Prior to identifying these stages, McBean lists "the seven facts of
business life." Starting with Chapter Three, he devotes a chapter to each of
these and discusses that particular fact in the context of each of the five
stages. So, he discusses the fact five times. While this process makes that
discussion precise and highly relevant to where a business happens to be, it
does result in some repetition. Normally, I consider repetition a negative
but in this case I don't see how the repetition is avoidable without
diminishing the value of the book.
This book does have some negatives.
First of all, it would read much better if someone familiar with Strunk
and White copyedited it. Especially for "needless words." An example is
"past experience." Your experience is, by definition, in the past. A few
cliches, such as "at the end of the day" also show up and you'll find misuse
of "impact" a few times. However, these are mere annoyances. They don't
leave the reader confused about what McBean is trying to say. I suppose not
every highly successful CEO is also an accomplished grammarian, and
expecting that is unrealistic. What we can expect is he can speak and write
in cogent sentences so that you understand the point he's making. McBean
Second, there's the repetition I mentioned earlier (gee, I'm doing it
too!). This book gives me the impression it was written as a series of
independent articles. Maybe that can't be helped, considering the structure
McBean chose. A point he makes repeatedly (and I am not complaining about
that particular repetition) is various aspects of business are intertwined.
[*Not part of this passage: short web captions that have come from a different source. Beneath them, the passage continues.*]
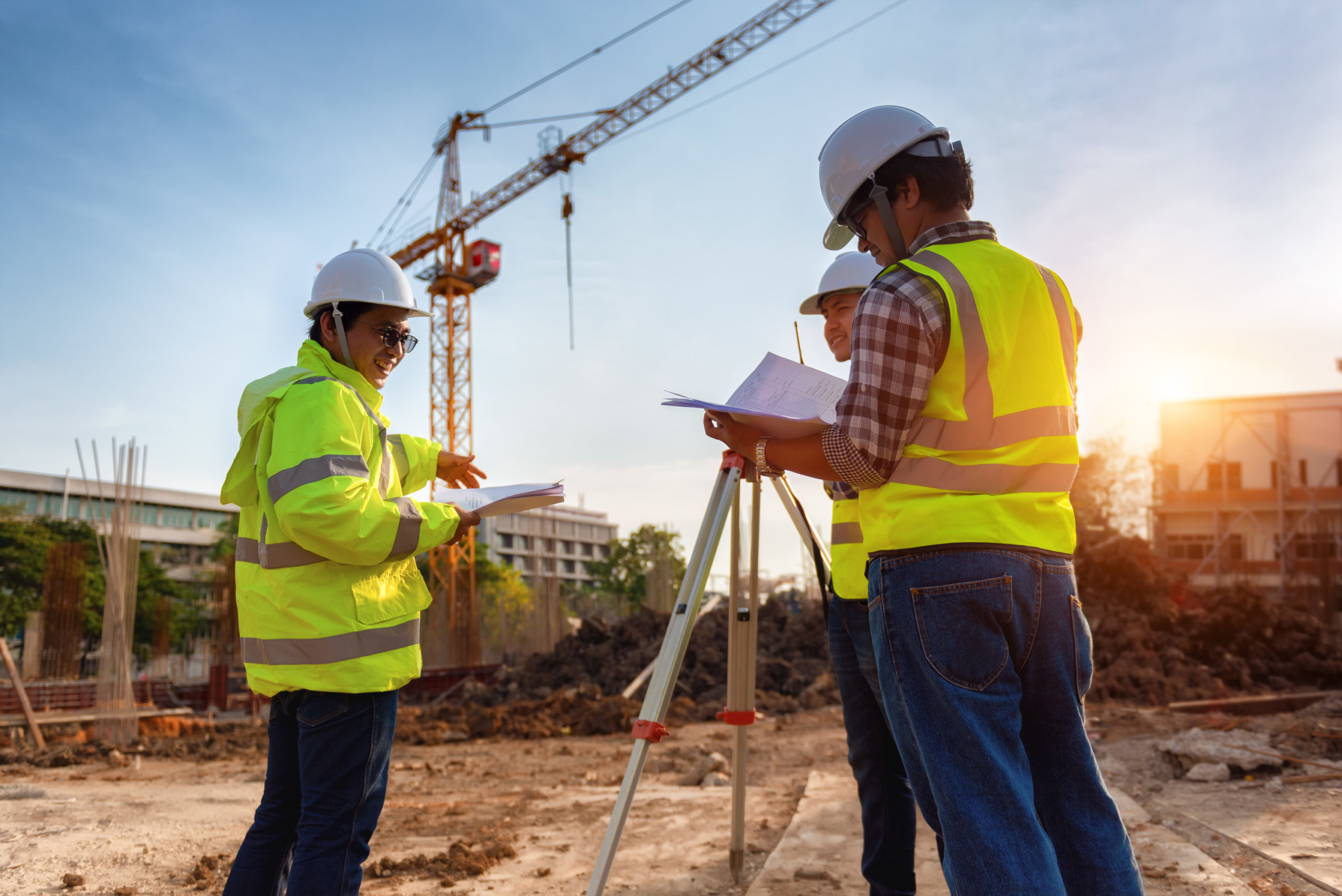 cropped-AdobeStock_249447070_50-scaled-1.jpeg Surveyors in hard hats and safety vests review plans beside a tripod at a construction site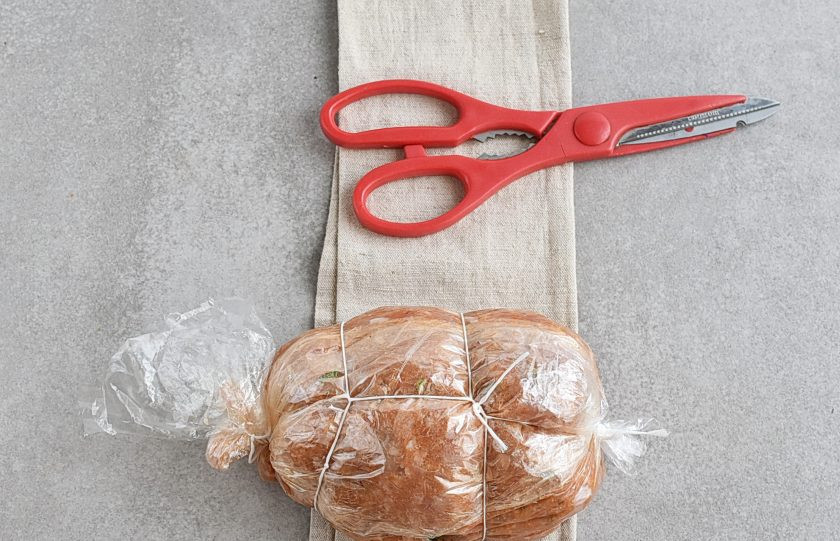 1. Этап. Домашняя ветчина из курицы: Уплотните фарш по всей длине, постукивая пакетом по столу. Подверните лишнюю ширину рукава вокруг будущей ветчины. Заверните второй край и завяжите его. Перетяните ветчину ниткой вокруг на манер колбасы. Все это в дальнейшем так же облегчит нарезку ветчины.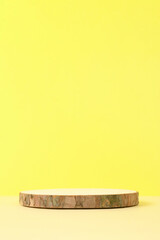 Round wooden podium on beige and yellow background for product.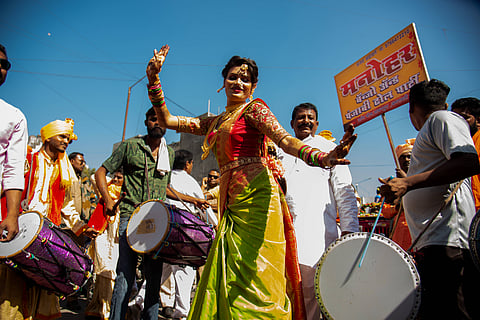 A member of the hijra community dances at a religious procession in Maharashtra, wearing a bright green and red sari. Drummers surround them and celebrate in the street. A yellow signboard with Marathi text is visible in the background under a clear blue sky.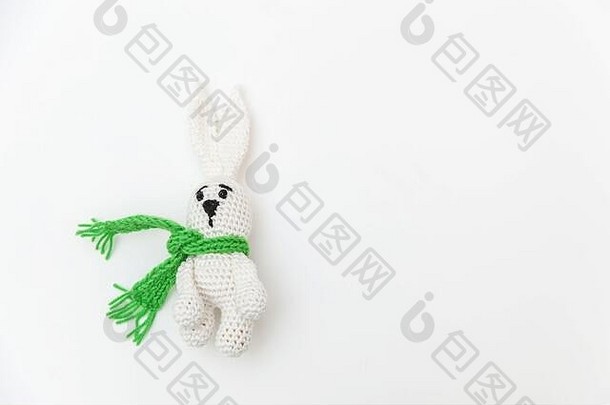 简单简约的设计，白色背景上隔离着绿色围巾的玩具兔子。儿童保育材料家庭观念。平面俯视图空间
This isn't a mindless tome like "Who Cut The Cheese" or whatever that little
stinker of a book was called. It's a thoughtful narrative on each of a
structured assembly of business topics. How a business owner exerts control
at level three will have considerable overlap with how he exerts control at
level four. The company isn't a completely different animal as it moves from
level to level, nor are its markets or business in general.
This book consists of 9 chapters across 324 pages. It's nicely indexed and
has a thoughtful Foreword contributed by Ken Fisher. Mr. Fisher is a widely
recognized name in the business literature, so his Foreword is a coup for Mr.